# @aituber-onair/noise

![@aituber-onair/noise logo](https://raw.githubusercontent.com/shinshin86/aituber-onair/main/packages/noise/images/aituber-onair-noise.png)

AITuber OnAir Noise is a context-aware response rewrite engine for disturbing
predictable LLM phrasing without changing the meaning of the reply.

Do not let AI responses end in predictable harmony.

It is designed for AI VTubers and AI character streams where a response can feel
too clean, too agreeable, or too neatly summarized. The package detects
predictability, builds structured friction parameters, asks an LLM for multiple
rewrite candidates, and selects the candidate that best preserves the character
while avoiding a predictable landing.

Noise is not just a rewrite engine: it is a deviation orchestration engine.
Research across conversation analysis, improv theory, humor theory, and field
analysis of successful AI VTubers converges on one formula (see
`docs/design-research.md`):

> Pleasant unpredictability = (established pattern) x (deviation shipped with a
> simultaneous "this is play" marker) x (safe target) x (relational license) x
> (return to pattern). Remove any factor and the same output flips from charm
> to malfunction.

So in addition to rewriting, Noise schedules when deviation is allowed
(rhythm), decides how much deviation the relationship has earned
(relationship capital), refuses to disturb sincere moments (sincerity gate),
certifies teasing as play (play markers), reuses shared memories as running
gags (gag ledger), and learns from audience reactions (reaction loop).

## Why this exists

LLMs are trained on the average of a huge amount of text, and preference tuning
(RLHF) pushes them further toward replies that are safe, agreeable, and neatly
summarized. That is fine for an assistant, but for an AI character stream it
produces **predictable harmony** (予定調和): the same temperature every time, a
tidy closing every time, and an audience that gets bored.
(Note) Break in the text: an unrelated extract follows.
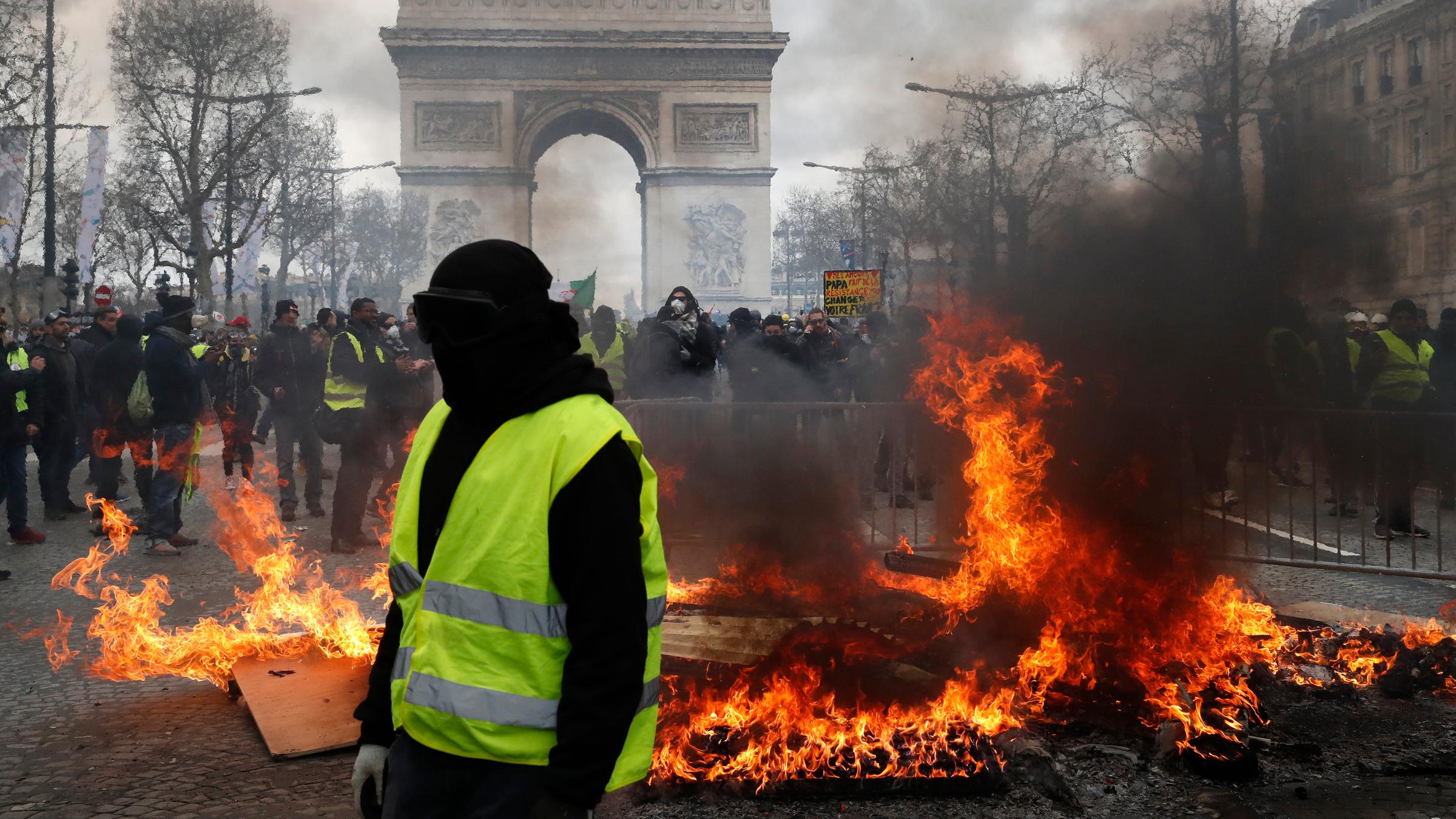 Frankreich - Proteste in Paris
Human conversation is
engaging precisely because it does *not* go to plan — a retort, a pause, a
deliberately withheld reaction, a callback to an old joke.
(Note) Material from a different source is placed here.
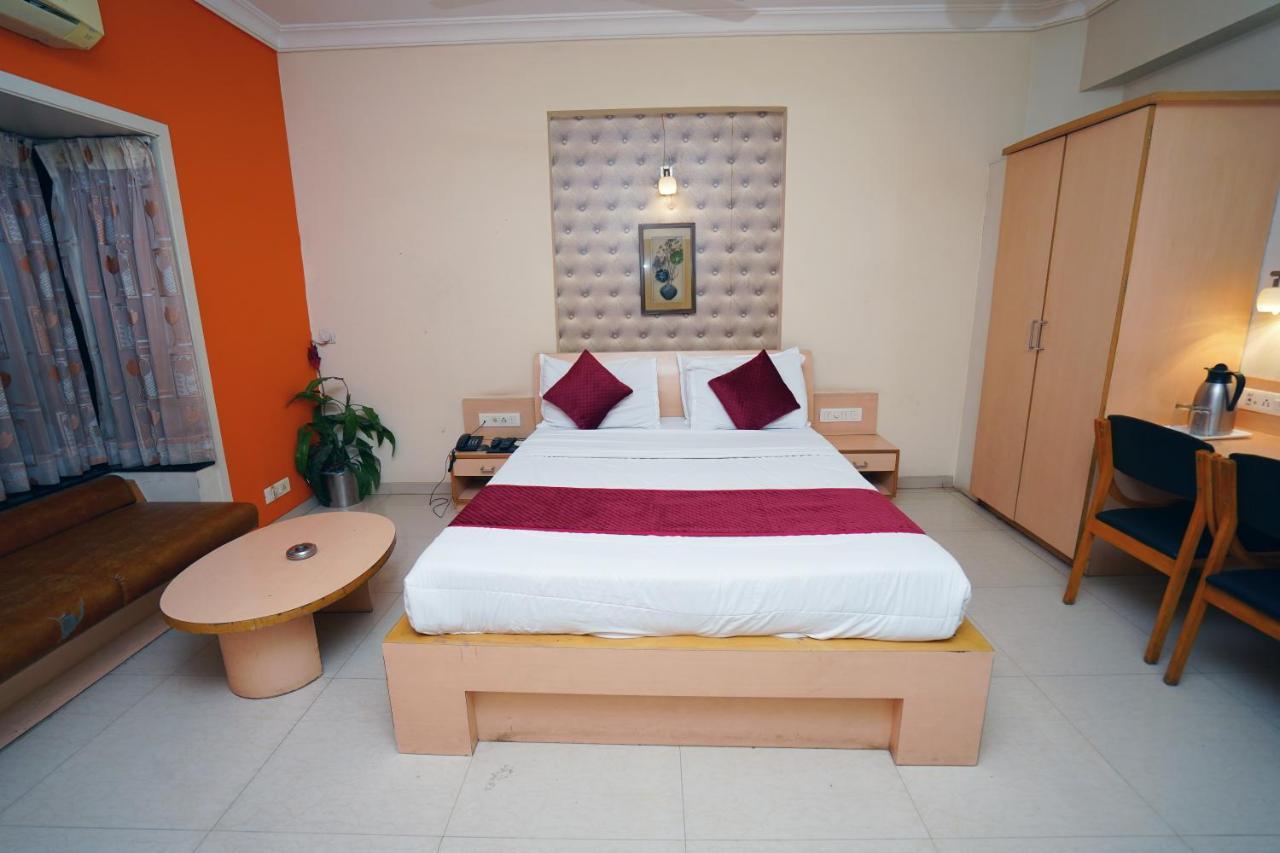 New Hotel Europa Inn Rajkot Exterior foto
The hard part is **not** generating disruption — an LLM can do that. The hard
part is that whether a broken expectation reads as *charm* or as *malfunction*
does not live in the text; it lives in the receiver. The same blunt line is
"endearing gap" from a beloved regular character and "rude" from a stranger.
So Noise is less a text generator and more a controller: it manages **when, how
far, and toward whom** a reply may deviate, and learns from how the audience
reacts.

## How it works (one turn)

After the LLM produces a draft reply, Noise runs this pipeline (the same one the
browser sample visualizes under "ノイズの判断を見る"):

1. **Diagnose** — is this draft too predictable? Detect clean closings,
   over-apology, over-agreement, etc., and score it.
2. **Three gates — may we disrupt at all?**
   - **Sincerity gate**: if the viewer is making a serious or vulnerable bid,
     stop everything (failed uptake of a sincere moment is the worst violation).
   - **Relationship capital**: unlock stronger interventions (teasing, callbacks)
     only as the bond grows.
   - **Rhythm**: rest right after a disruption, because constant disruption
     becomes a new predictable style.
3. **Plan** — choose which interventions to use, limited to what the gates allow.
4. **Generate & score candidates** — ask the LLM for several rewrites and score
   them on predictability reduction, character preservation, genericity, and
   whether a play marker is present.
5. **Select & quality-check** — pick the strongest safe candidate; reject
   over-corrections.
6. **Learn** — record what was actually applied; later `reportReaction()` feeds
   the audience response back, raising or lowering how far Noise will push next
   time and promoting well-received moments into the gag ledger.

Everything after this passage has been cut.